最近の教育事情 その1 親の意識


 いま学校は様々な問題を抱えている。戦後半世紀が過ぎ、週休二日制の導入、授業内容の削減など、文部省も次世紀の教育を目指して模索を続けている。こうした過渡期にある学校教育を、親はどんな思いでみているのだろうか。経済企画庁は、一昨年実施した「国民生活選好度調査」の中に、「教育について」の調査を追加した。調査結果から、親の意識を追ってみた。

 

教育内容

 小中学校で教わる教育内容は、1970年以降やさしくなっている。中学校の教科書は、71年から92年にかけて約二割程度もページ数が減少し、薄くなった。にもかかわらず、20%の人は「もっとやさしければよい」と答えている。特に小・中学生や高校生、大学生をもつ母親にそう考える人が多いという調査結果だった。

 子供の教育に関しては、父親より母親がより熱心で、成績のことや受験に対して敏感であることがうかがえる。家庭で子供の勉強をみるのは母親の役目で、成績に一喜一憂するのも母親という図式は、今も昔もそれほど変わっていないということだろう。

 

クラス編成

 現在の教育内容が「もっとやさしければよい」と考えている母親が多いことから、子供が授業についていけないと思っている母親も少なくないと考えられる。が、問いの『現在の学校教育では授業についていけない「落ちこぼれ」の問題とともに授業が簡単でつまらないという子供の存在もよく耳にします。そういった問題に対応するために、中学校に能力別クラス編成を導入してはどうかという意見がありますが、あなたはどう考えますか』に対して、小中学生を持つ親の多くは否定的な回答をしている。「落ちこぼれのような印象を与えてしまうので好ましくない」という理由が大半で、「競争が激しくなるので好ましくない」と考える人も多く、学校教育では、学力よりむしろ心の教育を望む傾向にある。

 青少年犯罪の増加と低年齢化など、子供を取り巻く現象が複雑になってきていることへの不安もその一端として考えられるが、不登校やいじめなどの問題が身近な問題になってきていることも察することができる。

 

学校より塾

 文部省では93年に「学習塾等に関する実態調査」を行った。その結果、小学生の23.6%、中学生の59.9%が塾に通っていることが分かった。その後も通塾率は上昇し続けている。上昇の原因として、学校に対する信頼が薄れ、学力のことは塾に頼る親が増えてきたことがあげられる。総理府の「教育に関する世論調査」と経済企画庁の「国民生活選好度調査」の二つの調査で見てみると、ここ20年の間に、学校への期待が著しく減少している。

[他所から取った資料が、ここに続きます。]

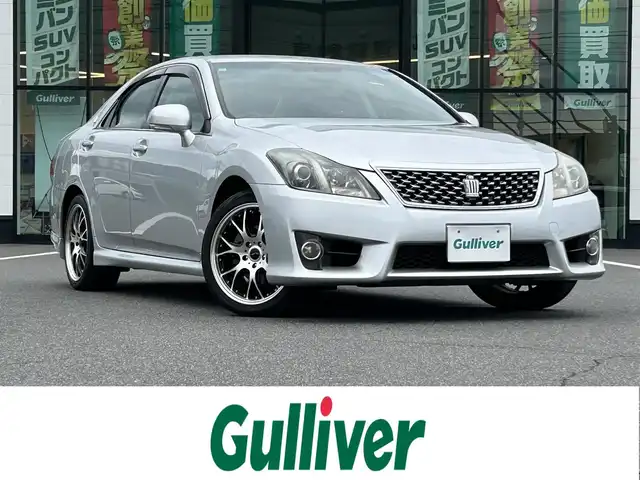 トヨタ クラウン アスリート 岡山県 2011(平23)年 6.5万km シルバーM 登録時走行距離64184km/純正ナビ/地デジTV(AM/FM/CD/DVD)/バックカメラ/ドライブレコーダー/ビルトインETC/本巻きステアリング/クルーズコントロール/横滑り防止装置/D/N席パワーシート/電動格納ミラー/USB入力端子/トランクリッドイージークローザー/純正フロアマット/18インチ社外AW/ユピテルレーダー探知機/プッシュスタート/スマートキー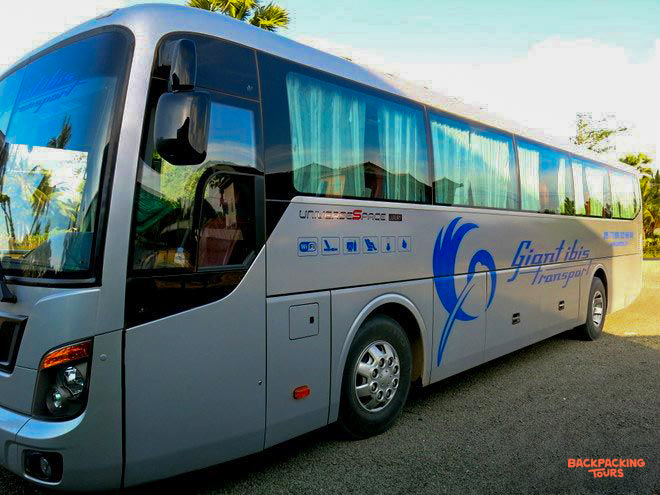 A modern silver Giant Ibis overnight bus, ready for a long journey across Cambodia.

 「あなたは学校での勉強と、進学塾、進学教室、家庭教師等から教わる勉強とどちらが子供にとって学力の向上に役立つと思いますか」という問いに対して、76年には71.7%の人が「学校」と答えていたのに、96年に「学校」と答えた人は23.3%にまで減った。

 「一概に言えない」と答えた人が多いものの、進学塾、進学教室、家庭教師等と回答した人は、76年には9.2%だったのに、96年には15.3%と増加している。大都市ほど「学校」と答える人が減少していることから、都市部では塾などへの依存が高いとみられる。

 また、所得や親の学歴が高いほど「塾など」と回答する比率が高くなっていることから、塾に通わせる余裕のある人ほど、塾への期待が高いといえる。同じ学歴でも、所得が高いほど「塾など」と回答する人の比率が高いことからみて、家庭の教育費の割合と塾への期待は相関関係にあることがうかがえる。昨今の景気低迷で、家庭における教育費も削減の傾向にあり、学校ばかりでなく、塾も内容の充実が求められる時代である。